The data must be given again exactly as written, with all images omitted.

■ **DATA FOR THIS EXERCISE**
*** Block opens ***
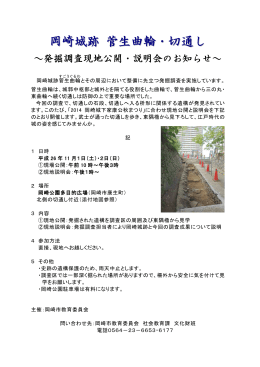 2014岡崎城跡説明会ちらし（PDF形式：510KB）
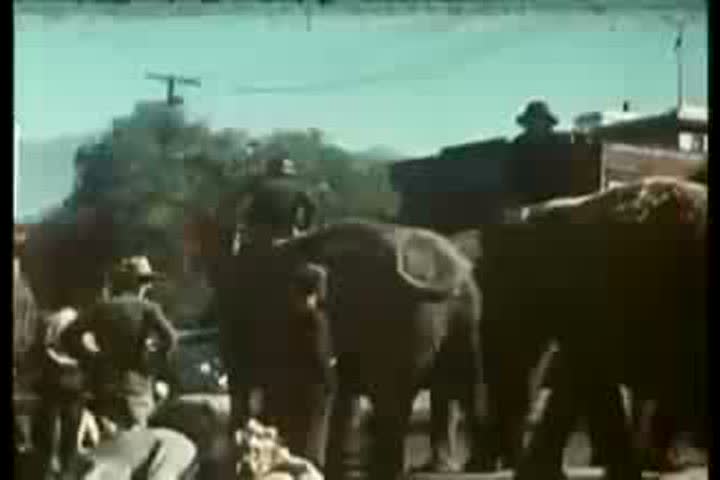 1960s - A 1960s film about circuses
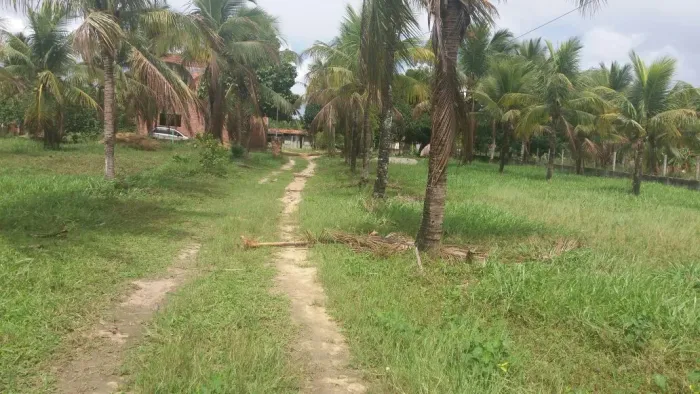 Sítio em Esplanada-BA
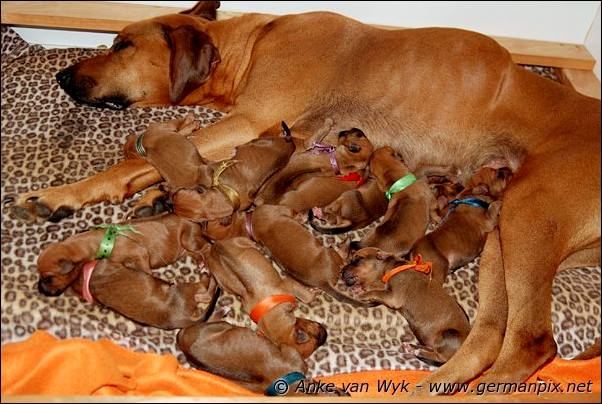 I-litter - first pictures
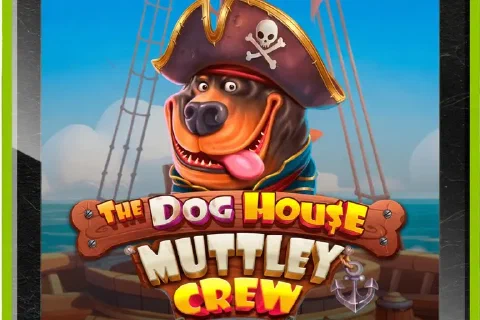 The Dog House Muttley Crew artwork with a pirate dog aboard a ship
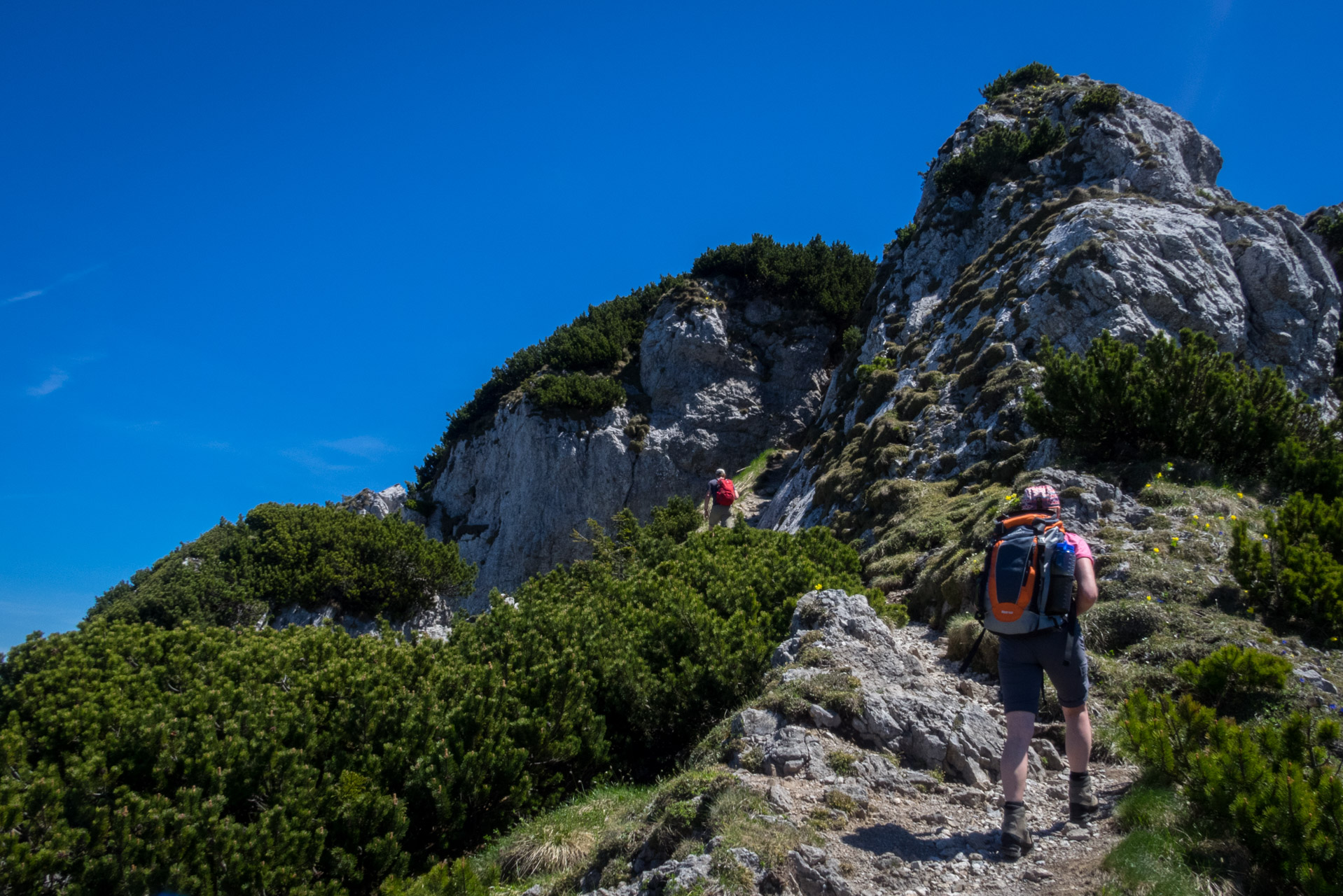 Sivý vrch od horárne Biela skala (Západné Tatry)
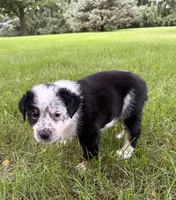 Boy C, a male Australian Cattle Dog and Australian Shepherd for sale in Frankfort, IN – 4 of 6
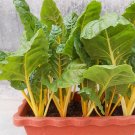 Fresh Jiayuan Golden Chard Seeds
*** Block closes ***
■ **ANSWER FOR THE TASK**
 2014岡崎城跡説明会ちらし（PDF形式：510KB）
 1960s - A 1960s film about circuses
 Sítio em Esplanada-BA
 I-litter - first pictures
 The Dog House Muttley Crew artwork with a pirate dog aboard a ship
 Sivý vrch od horárne Biela skala (Západné Tatry)
 Boy C, a male Australian Cattle Dog and Australian Shepherd for sale in Frankfort, IN – 4 of 6
 Fresh Jiayuan Golden Chard Seeds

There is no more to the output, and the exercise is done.